In a post yesterday on the odd propensity of North Korean propaganda videos to borrow images and music from popular American computer games – which presumably would be not just inaccessible in North Korea, but also unplayable, given the dearth of advanced personal computers there — I repeated and elaborated on a theory that the propaganda videos were probably made in conjunction with sympathetic South Koreans. Pro-Pyongang volunteers, who have a long history on the fringes of South Korea’s nationalist movement, would hypothetically be familiar enough with American video games, which are extremely popular in the South, to think to include them.
But Jang Jin-sung, a former North Korean government propagandist who defected in 2004, believes that the videos were probably made entire within North Korea. He explains his theory in an unpublished article for New Focus International, which has generously shared it with me.
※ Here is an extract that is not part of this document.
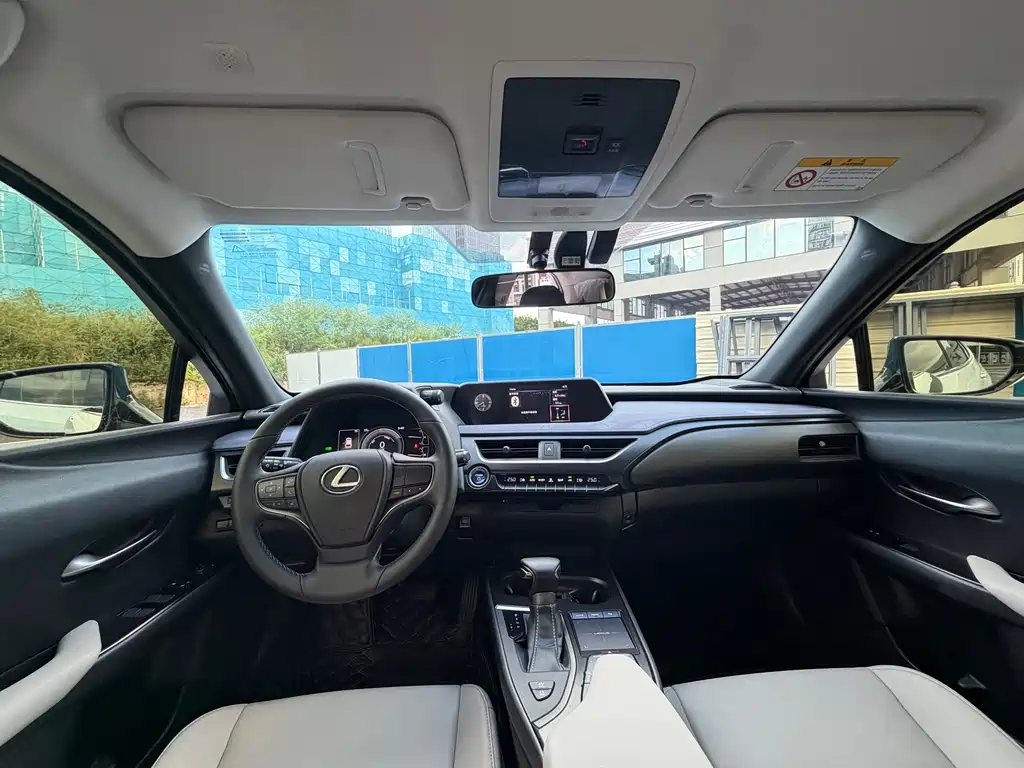 Lexus UX — фото 6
Excerpts from his article are reproduced below.
If Jang is correct – and, having worked within the machine he is describing, he is certainly a greater authority than I am – his theory would have interesting implications for our understanding of life under the North’s regime. It would mean that at least a small minority of North Korean government officials not only have access to American computer games but play them frequently enough that they would know which “cut scenes” and theme songs are most appropriate to splice into their anti-American propaganda.
That wouldn’t be revolutionary, but it would be a revealing new data point on the nature of life for North Korea’s propagandists, who are privileged, but not exactly in the innermost circle of the regime. It would be one thing for Kim Jong Eun to have a fancy computer, but if they are common even among propagandists then that would suggest the regime has pretty decent access to high-tech consumer electronics.
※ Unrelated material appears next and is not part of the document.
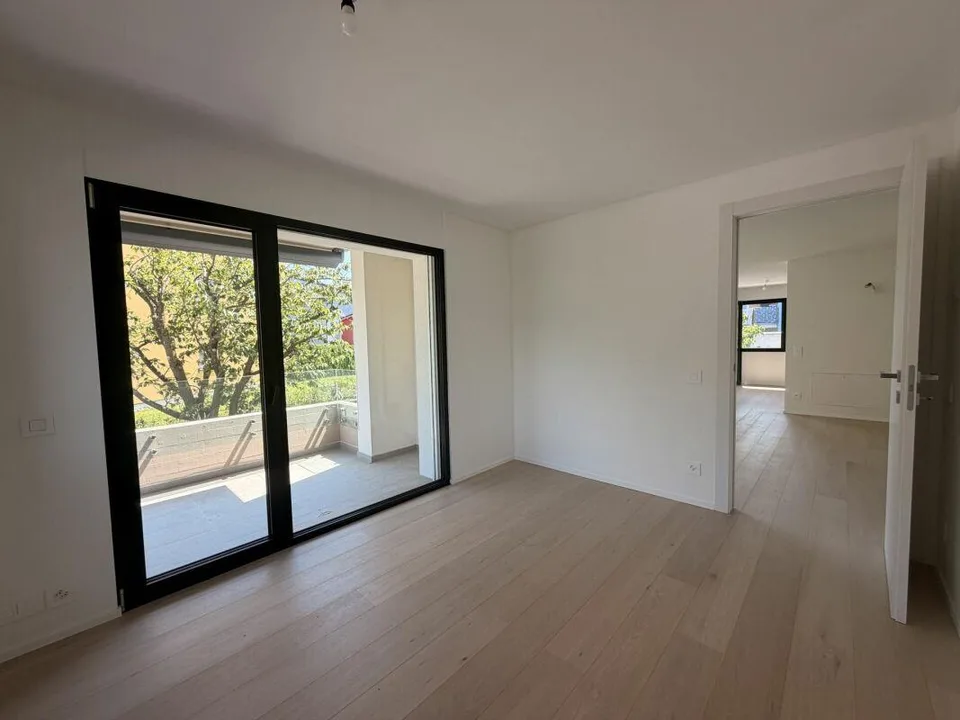 CANOBBIO - 4.5 LOCALI COMPLETAMENTE RINNOVATO, CON GIARDINO, TECNOL... – Foto 13 von 25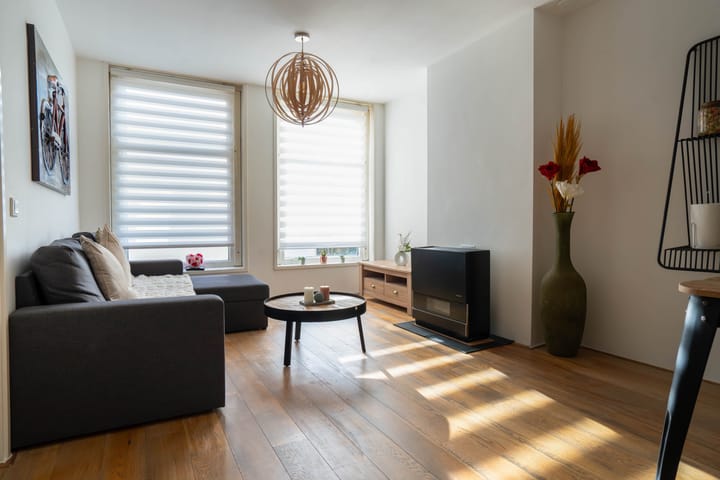 Photo 8 of Kinkerstraat 67-3A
To give you a sense of how significant it would be for mid-level North Korean officials to be sitting around playing American computer games, private computer ownership is largely illegal in the country. Some people are allowed to possess them, but they are typically slow, not connected to the outside world and must be registered with police as if they were hunting rifles. As for the games themselves, North Korean authorities consider any outside culture a threat. It is even illegal to possess video CDs of South Korean soap operas.
Here is some of Jang’s article, which explains that North Korean propagandists work very deliberately to give the impression that their material was made by South Koreans. They do this, he says, in part by smuggling in cultural “materials” from Japan that would be familiar to South Koreans – perhaps including U.S.-made video games.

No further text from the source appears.